Operate

Admin guide

This guide covers the operational surface administrators use after the platform is running: wiring identity, authoring policy, onboarding targets, configuring session recording, building approval workflows, and keeping the control plane highly available.

Users, groups, and directory sync

Wardengate is identity-native: it does not own users. Every principal originates in your IdP or directory and flows in via SCIM, LDAP sync, or just-in-time provisioning on first sign-in. Local accounts exist only for the bootstrap admin and for service principals used by automation.

We recommend SCIM where your IdP supports it — deprovisioning is the part that burns teams when it misfires, and SCIM gives you a clean off-boarding path. For directories without SCIM, the built-in LDAP sync runs every five minutes and honours nested groups.

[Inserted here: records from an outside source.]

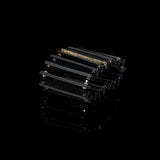 The Domino Black Leather Bracelet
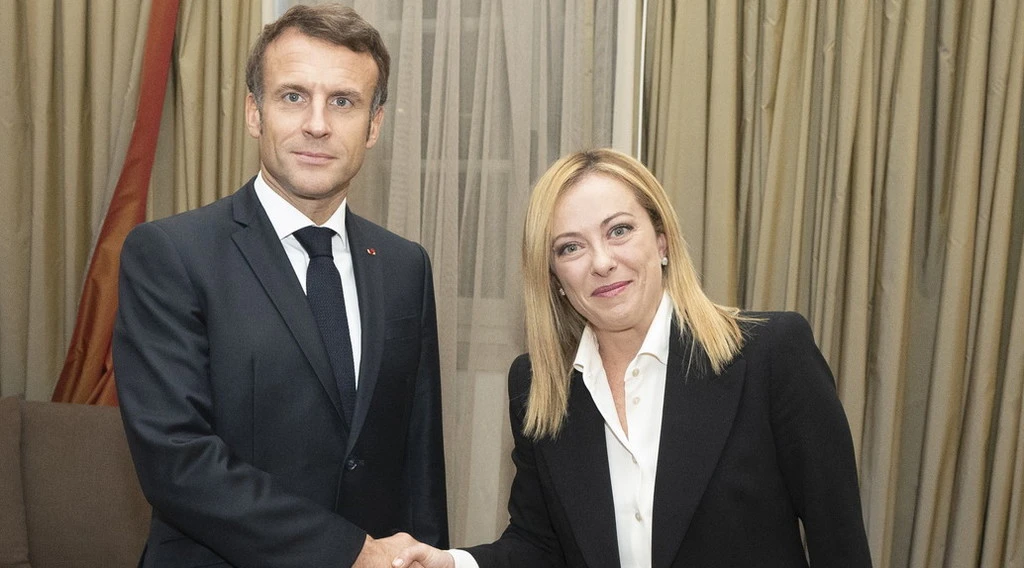 &nbsp;Macron e Meloni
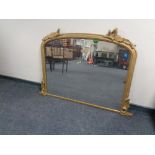 A Victorian gilt framed overmantel mirror CONDITION REPORT: 140cm by 99cm.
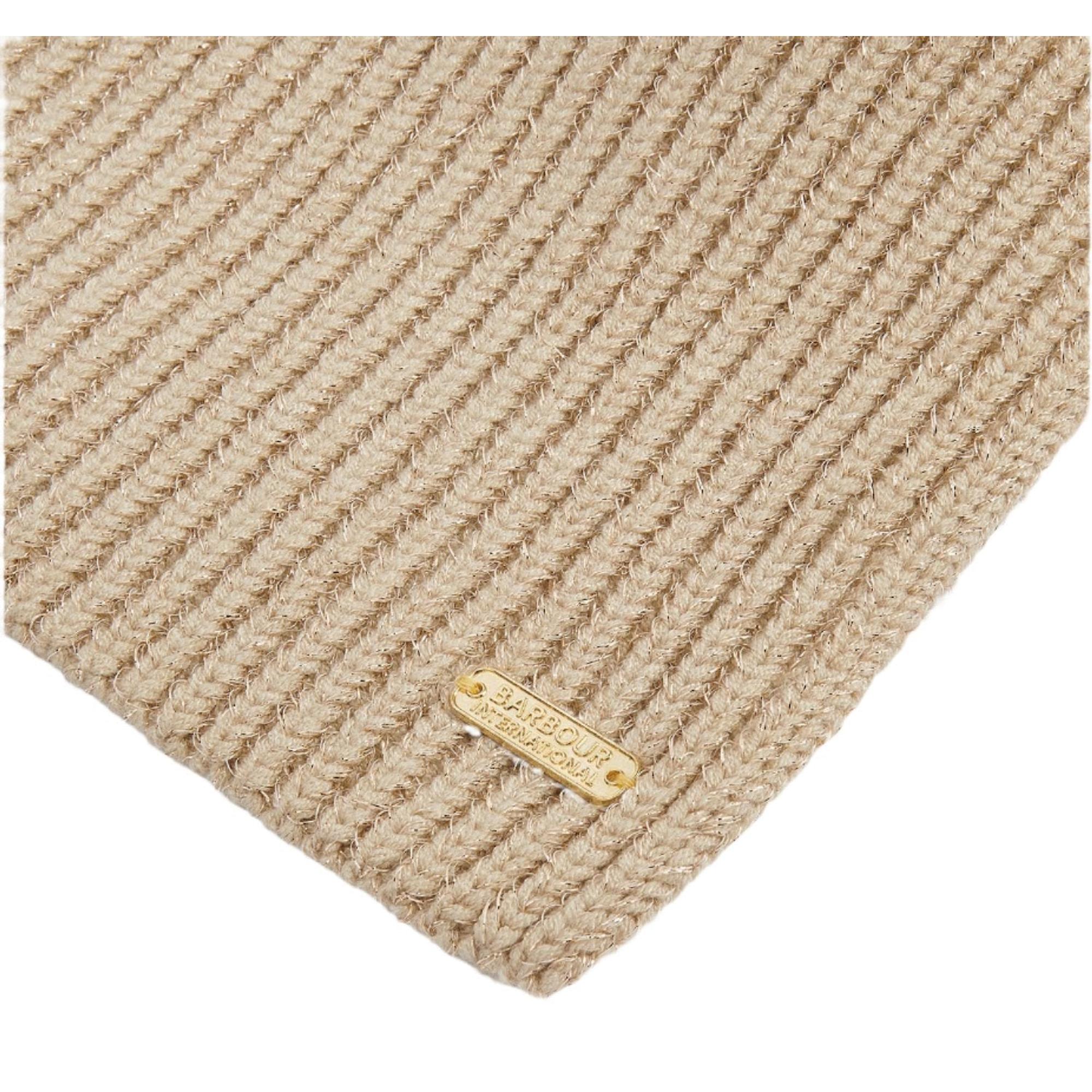 Product image 5 of 7 of Barbour International Women's Estoril Beanie & Scarf Gift Set - Stone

IdP configuration (SAML, OIDC, SCIM)

An IdP connection is an IdentityProvider resource. You can have multiple — for example, Okta for employees and a partner-only OIDC connection for contractors — with distinct policy footprints.

apiVersion: wardengate/v1
kind: IdentityProvider
metadata:
  name: corp-okta
spec:
  protocol: saml
  metadataUrl: https://corp.okta.example.com/app/wardengate/sso/metadata
  attributeMapping:
    email: email
    displayName: name
    groups: wardengate_groups
  allowedDomains: ["corp.example.com"]
  scim:
    enabled: true
    tokenSecret: corp-okta-scim-token

Apply it with wgctl apply -f corp-okta.yaml. The admin console will show the provider in a pending state until a first successful SSO flow; once a user signs in, test the SCIM loop by disabling them in the IdP and watching the session terminate.

Policy authoring

Policies are the contract between identity and access. Keep them small, composable, and expressed in terms of groups — never in terms of individual users. A small pattern library goes a long way:

One baseline policy per environment (prod, staging, dev) granting read-only access to a named group.
One write policy per environment, approval-gated, with a shorter session cap.
Targeted break-glass policies bound to on-call rotations from your incident management tool.

apiVersion: wardengate/v1
kind: Policy
metadata:
  name: prod-ssh-write
spec:
  principals:
    groups: ["sre"]
  targets:
    tags: ["env=prod"]
  protocols: ["ssh"]
  accounts: ["deploy", "root"]
  constraints:
    mfa: step-up
    approval:
      required: true
      approvers: ["group:sre-leads"]
      quorum: 1
      window: 30m
    hours: "mon-fri 08:00-20:00 America/Los_Angeles"
    sessionMinutes: 45
  recording:
    mode: full
    redact: ["AWS_SECRET_ACCESS_KEY", "DATABASE_URL"]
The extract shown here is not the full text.